In this embodiment a mixer 48 such as an inline static mixer is integrated in the bellow section 28b. The mixer 48 advantageously mixes the phases of the well bore so that an emulsion is present which simplifies measurement.

Fig. 7 shows yet another embodiment of the down-hole tool 20, wherein well bore fluid 16 can enter the inner channel portion 34 through the frontside 38 of the housing 28 and flow as an internal fluid flow 17 through the first section 28a and to the exit section 28c of the housing 28. The exit section 28c comprises several fluid exit channels 42 distributed radial around the housing 28 to allow the well bore fluid 16, 17 to leave the down-hole tool 20.

The fluid exit channels 42 can be designed such to reduce drag induced to the well bore fluid 16, 17 by applying an angle to the flow direction of the well bore fluid 16, 17 through the fluid exit channels 42. As depicted in Fig.7, the fluid exit channels 42 comprise a first exit channel section 42a where the individual channels do not fully penetrate the housing 28, but rather are notches at the internal side 32, where the depth of the notch increases towards the second exit channel section 42b.

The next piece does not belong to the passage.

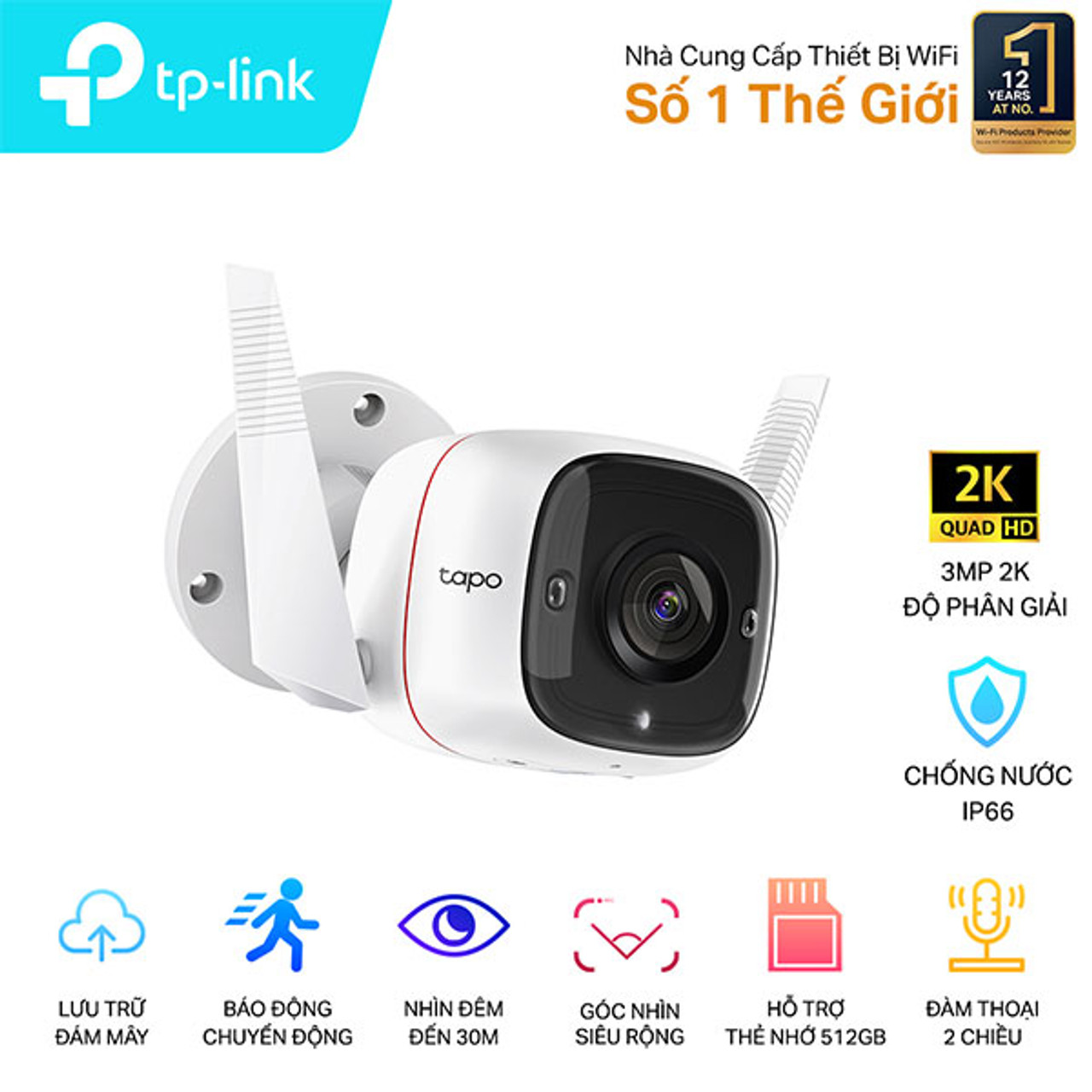 Camera ip wifi ngoài trời TP-Link Tapo C310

In the second exit channel section 42b the channels 42 do fully penetrate the housing 28. In the third exit channel section 42c the individual channels again do not penetrate the housing 28, but rather are notches at the outer side of the housing 28 with decreasing depth to the rear. Thus the fluid flow is not forced to deviate by 90 degrees from the main flow direction y but rather can smoothly exit the inner channel portion 34 to the outside.

The ultrasound sensors 50 are electrically connected via electrical cables 31, which in the first section 28a are embedded in the epoxy layer at the outer side of the housing. The electrical contact between the first and the exit section 28a, 28c is established by way of the

electrical section connectors 33.

Fig. 8 shows another embodiment of the down-hole tool 20 having a first section 28a, an exit section 28c and a multi section 28d. Again, the first section 28a comprises several internal ultrasound sensors 50 for measuring the phases of the well bore fluid 16, 17, 18. Also, the first section 28a comprises the fluid entrance 38. The fluid can leave the inner channel portion 34 of the down-hole tool 20 through the exit channels 42. However, part of the fluid 16, 17, 18 can remain in the down-hole tool 20. A multi section 28d comprises further features of the down- hole tool 20, such as a pressure sensor 52 and a

temperature sensor 54, whereas a combined pressure and temperature sensor 52/54 can be installed as well. A sample channel 30 allows for part of the fluid 16, 17, 18 to flow to a sample section 28f (see e.g. Fig. 11) where it may be stored. A sample channel close off valve 62 can regulate, whether fluid 16, 17, 18 is permitted to flow into the sample channel 30.

The multi section 28d further comprises a back bellow 41 which is also used for sealing the outer region around the down-hole tool 20 against the casing/liner 12 e.g. for performing a blow test and/or for forcing all well bore fluid 16, 17 to flow through the down-hole tool. A fluid channel 36 provides bellow fluid to the back bellow 41, such as liquid oil. Fig. 9 shows another embodiment of the down-hole tool 20, wherein the well bore fluid 16, 17 is depicted flowing through the bellow section 28b, the first section 28a, the exit section 28c and, if the sample channel close off valve 62 is switched open, also partly through the multi section 28d. It is referred to the preceding embodiments, wherein same reference numerals depict the same technical features.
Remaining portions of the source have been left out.